Obviously UM’s strategic plans are observed selectively,
with administrators free to cherry pick dicta as suits a need of the day, but
had the existing language concerning reviews or state-of-the-art IT been
treated as fully in force, then not only might we have not needed yet another
plan, but we’d have taken note of OIT’s track record on some fronts:
- The centralized campus effort to refactor
academic data systems under Kuali is years behind, has cost an immense amount
of money and has yet to positively impact its first stakeholder outside of a
few very specialized internal users. During the same period of time, whole
generations of organically grown, non-OIT based – and genuinely free – systems were
built, deployed, used successfully with stakeholder acclaim and yet ultimately killed
for want of campus adoption of software which OIT would not accept.
Administrative unwillingness to lead, follow or get out of the way is the mark
of 1970’s era Soviet centralized planning, not a tenet of a successful
university in the new millennium.
- Years of professorial advocacy that we should do
real data mining in order to improve student outcomes have been in vain.
Scholars today know serious techniques for learning from our data. Corporations,
government agencies and scientists apply these techniques to expose a wealth of
insights about what works and what doesn’t in their respective operations. Not so
at the University of Maryland, where our antique data services continue to age,
guarded by an organization that seems to spend more energy protecting
stakeholders from accessing the data than it does upgrading services so
stakeholders could make better-informed decisions. As noted, data-driven
decision making is part of the strategic plan, yet those few who are allowed to
try it find Byzantine data models, having ad hoc updates from inconsistent and
unreliable sources. This is not a state of affairs which will be fixed by granting
OIT with greater centralized authority or by creating even more plans which
will be selectively followed.
- Over the last decade, by my direct observation,
OIT has done an outstanding job of stonewalling campus map and geolocation
services. If not invented or controlled by them, then organically-grown software
or data is not accepted. OIT has held out instead for tremendously expensive
commercial packages which only they would manage. In the meantime, while OIT
has held out for funding, nearly half a dozen administrative units on campus,
all with serious mapping needs, have over-paid for conflicting resources that needlessly
replicated one another. Taxpayers and stakeholders alike are the losers in this
classic empire building game, which would be rewarded under the proposed
strategic plan.
- For an example of what life would be like under
a fully centralized campus computing system, one only needs look at the very
TerpSharePilot site they make available for collecting comments about the IT
draft. The organization and structure of this site was so confusing that UMIACS
ultimately had to post a detailed guide for its computer science research
faculty to help them figure out how to navigate the site and add comments.
These examples suggest that caution should be exercised
before OIT is placed even more squarely on the critical path of campus
stakeholders – and before making up more plans.
Conclusion
A centralized service model like seems to be proposed in
this plan flies in the face of corporate trends toward getting control into the
hands of stakeholders to affect their own lives.
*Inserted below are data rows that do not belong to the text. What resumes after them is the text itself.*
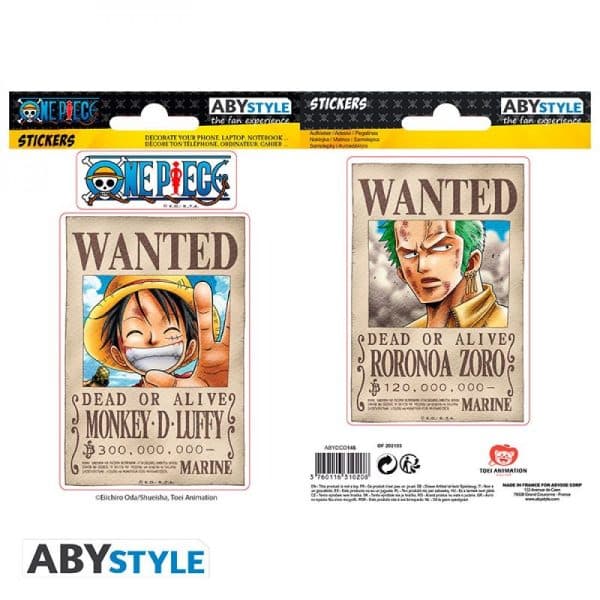 ONE PIECE - Stickers - 16x11cm/ 2 planches - Wanted Luffy/ Zoro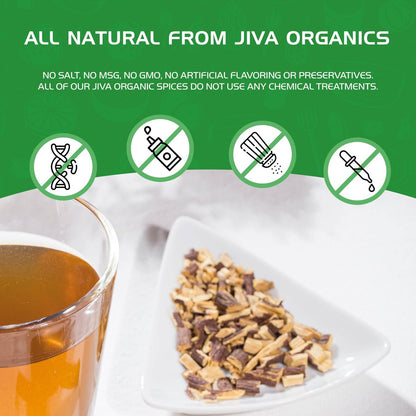Jiva Organics Bio Süßholzwurzel Tee (geschnitten & gesiebt) Bulk 14 Unzen Kraftbeutel - Nicht-GVO, getrocknet & rein - Glycyrrhiza glabra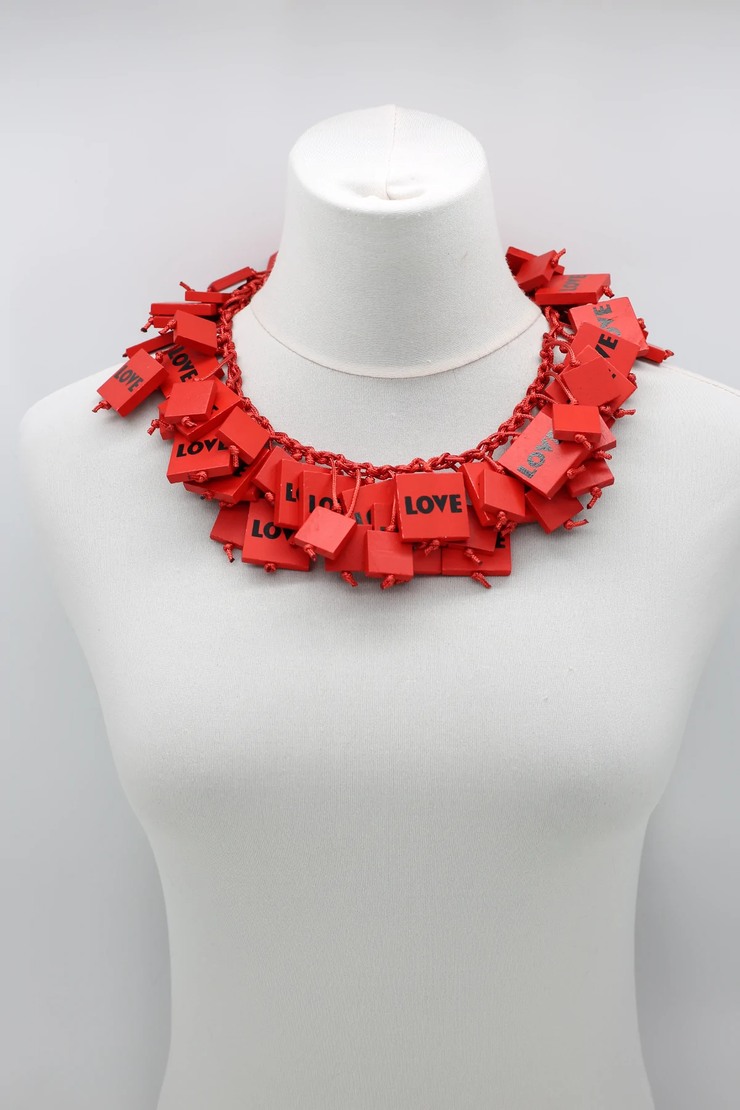 Jianhui London Love Square Cape-Style Necklace Red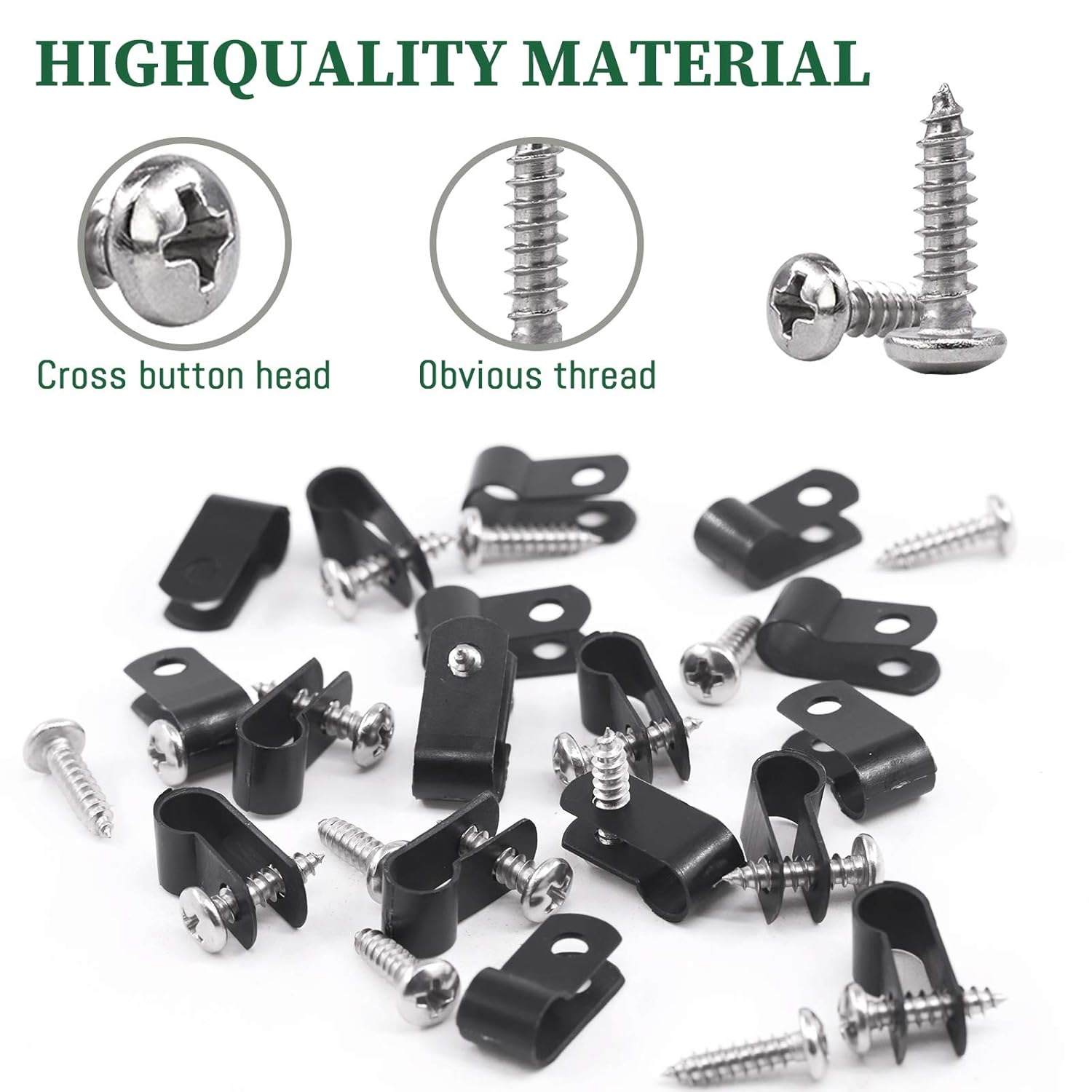 Keadic 60 Pieces 1/4 Inch Black Nylon Cable Clamps with Stainless Steel Screws, R-Type Mounting Cord Fastener Wire Clamps for Wire Pipe Management image number 2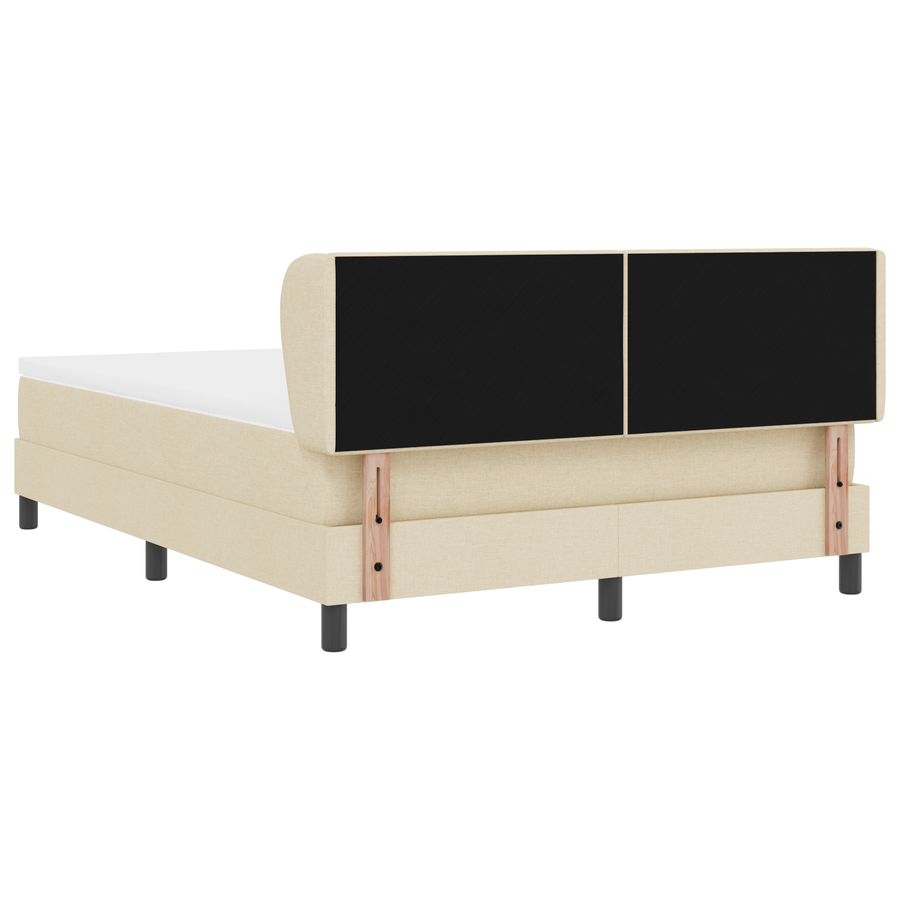 Boxspringbed met matras stof crèmekleurig 140x190 cm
Companies which are successful
in today's economy respect a basic reality of economics, which is the
debilitating impact on quality when you concentrate authorities and
responsibilities in a monopoly. Institutionally, lean and agile methods which freed
my unit from dependency on OIT have worked. We should not change this.
Any unit on this campus should fear a bureaucratic model
which places its success in the hands of staff whose incentives and reward structures
are independent of that unit. This is true for departments that have only ordinary
tech needs, just as it is for departments that educate and research out at the
cutting edge. Each department should be free to incentivize performance from
OIT by also being free to satisfy their own needs as they see fit.